For new users: when you create an account, please do not include any numbers in your username (or if you really want to, please email us first). There are many spam-bots that create accounts, so the administrators will automatically delete any account that appears to be suspicious, and this includes all usernames with numbers in them.
The contents of this wiki have been organized into categories.
- Problems formulations that arise in sparse- and low-rank approximation.
- Solvers that are used for solving these problems. There are many sub-categories of solvers, such as:
- Benchmarking/Test problems for comparing algorithms
- Applications (in software) of sparsity or low-rank based techniques
- Hardware devices that perform compressed sensing.
- Other resources on the Internet.
If you have ideas for more categories, please go ahead and make them! But please check first to make sure that the new category is really necessary and won't duplicate a similar category.
Want to contribute but not familiar with wiki software?
On this mediawiki software, all versions of a page are stored, so that it is always possible to undo edits at a later time. So have no fear! If you want to add content but do not know how to format it nicely, please go ahead and add the content, and then if necessary, someone else can format it later. We value content over style!
If you see something on the wiki that you like and want to know how to make code like that, then just edit the page to view the source code and then just close the window.
Here are some examples. A link to an external website looks like: [http://www.google.com], which produces 
To be fancier, you can give the link a nicer name: [http://www.google.com google], which produces google
To make internal links in this wiki (which is encouraged!), use the format [[Other resources]], and this produces the link to the page Other resources.
If you want to name the link with a different name, use the format [[Other resources|Other internet resources]] to produce Other internet resources.
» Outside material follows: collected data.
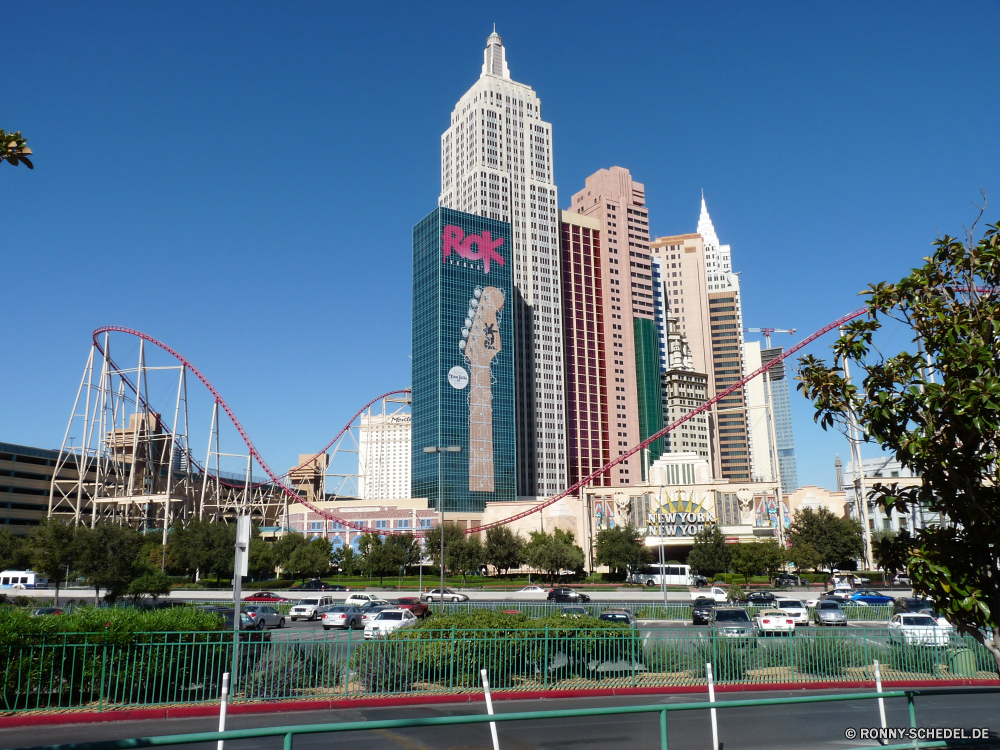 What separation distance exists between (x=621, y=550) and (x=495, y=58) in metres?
136

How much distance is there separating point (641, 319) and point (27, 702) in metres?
164

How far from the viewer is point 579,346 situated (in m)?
165

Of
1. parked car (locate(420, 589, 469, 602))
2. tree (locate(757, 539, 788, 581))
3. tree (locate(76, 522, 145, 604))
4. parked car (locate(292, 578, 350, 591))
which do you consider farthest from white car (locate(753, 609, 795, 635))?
parked car (locate(292, 578, 350, 591))

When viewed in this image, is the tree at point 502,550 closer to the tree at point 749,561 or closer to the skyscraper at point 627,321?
the tree at point 749,561

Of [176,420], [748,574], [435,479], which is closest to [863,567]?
[748,574]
To make a bulleted list, start the line with a *. Use # for numbered lists. Use <nowiki></nowiki> to write things that should not be interpreted as wiki code; if you add an empty space before the first <nowiki> then it will make a special box and keep the spacing as you wrote it. Using <tt></tt> or <code></code> gives mono-spaced text like this.
To add a page to a category (say, the "Convex Solvers" category), add [[Category:Convex Solvers]] to the page. If you want to link to the category "Convex Solvers", use [[:Category:Convex Solvers]] which gives Category:Convex Solvers. You can make the link have a nicer name by using the | operator again, e.g. [[:Category:Convex Solvers|Convex solvers category]] gives Convex solvers category.
To add a reference to a paper, there are several ways to you can do it. Here's one good method, which consists of two or three steps.
- Step 1. Add a references section to the page, if it doesn't already exist. It should look like this:
== References == <references> </references>
- Step 2. Add your specific reference to the references section, anywhere between <references>
and </references>. It should be in this format:
<ref name="myPaper">J. Smith, "Name of paper", journal information, [http://arXiv.org link to paper]</ref>
- Step 3. In the main part of the page, wherever you want to reference your reference, add code like:
<ref name="myPaper" />
Linking to the arXiv
We have a special "widget" that makes it easy to link to the arXiv. All you need is the arXiv number. Right now, the widget just inserts a link to the arXiv, but in theory, it could do more (like the authors and abstract could show up in a little box whenever your mouse goes over the link), if someone has the time to write a better widget.
Use the widget by just inserting code like the following:
which produces arXiv:0904.3367.
If you are up to it, you can edit the behavior of the arXiv widget.
There is an even fancier, experimental widget called Widget:ArxivHelper, which tries to give a link with the paper title and authors, and then describe the abstract when you put your cursor over the page. This widget relies on feed2js -- thanks!